So I went to the demonstration on Wednesday and got caught up in the incident at Millbank. While I don’t support violence and think that the riot seriously damaged the credibility of the NUS cause, the situation could have been much bloodier. 30 Millbank or ‘Tory HQ’ was very specifically targeted and was on the route of the march. The buildings either side suffered hardly any damage as they weren’t targeted. Aside from isolated stupidity such as the fire extinguisher being launched from the roof, the incident was limited to vandalism and minor injury. Once the police arrived on the scene, they handled the situation without using excessive violence and made sure that students could leave the scene easily so long as they weren’t the primary instigators.
The incident aside, I think the march was a massive success. We had a turnout 500% more than expected and the vast majority of the demonstrators carried out the march peacefully, helping to spread our message.
For readers outside the UK, here’s a summary of what the march was all about.
- Students in England and Wales currently pay £3000 (plus interest) a year on higher education.
- The coalition government have proposed raising this figure to £9000 as an austerity measure.
- Furthermore, higher education funding is going to be critically cut. Many university departments are loosing all of their funding which means that they will be forced to charge students as much as £9000.

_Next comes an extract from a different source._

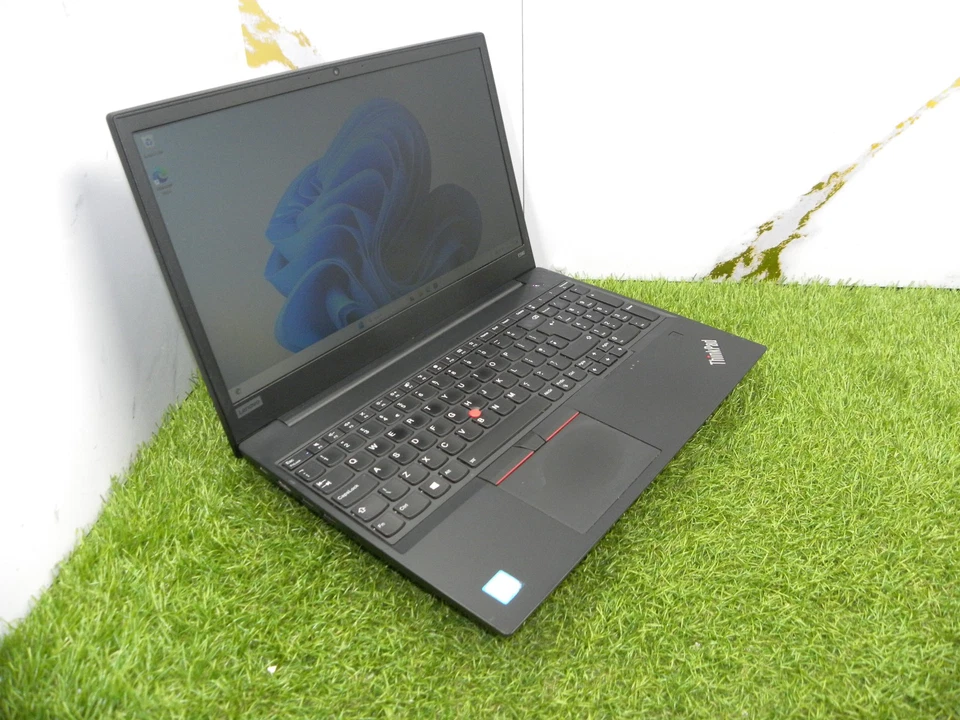 Lenovo ThinkPad E590 · i5-8265U · 8GB · 256GB, photo 1 of 5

- Liberal Democrat leader Nick Clegg originally opposed tuition fees altogether but his party joined forces with the Conservative party he has changed his mind and supported the increase in fees.
- The National Union of Students as well as many other organisations and bodies see these proposals and actions as a blatant right-wing attack on students and the quality of university education. Many say that these cuts and fee rises are unnecessary and that the economy can be revived through other less extreme means.
- The NUS organised a national march in central London and advertised it for several weeks. Before the day of the march, there were estimates of 10,000 students attending. The turnout was actually 55,000.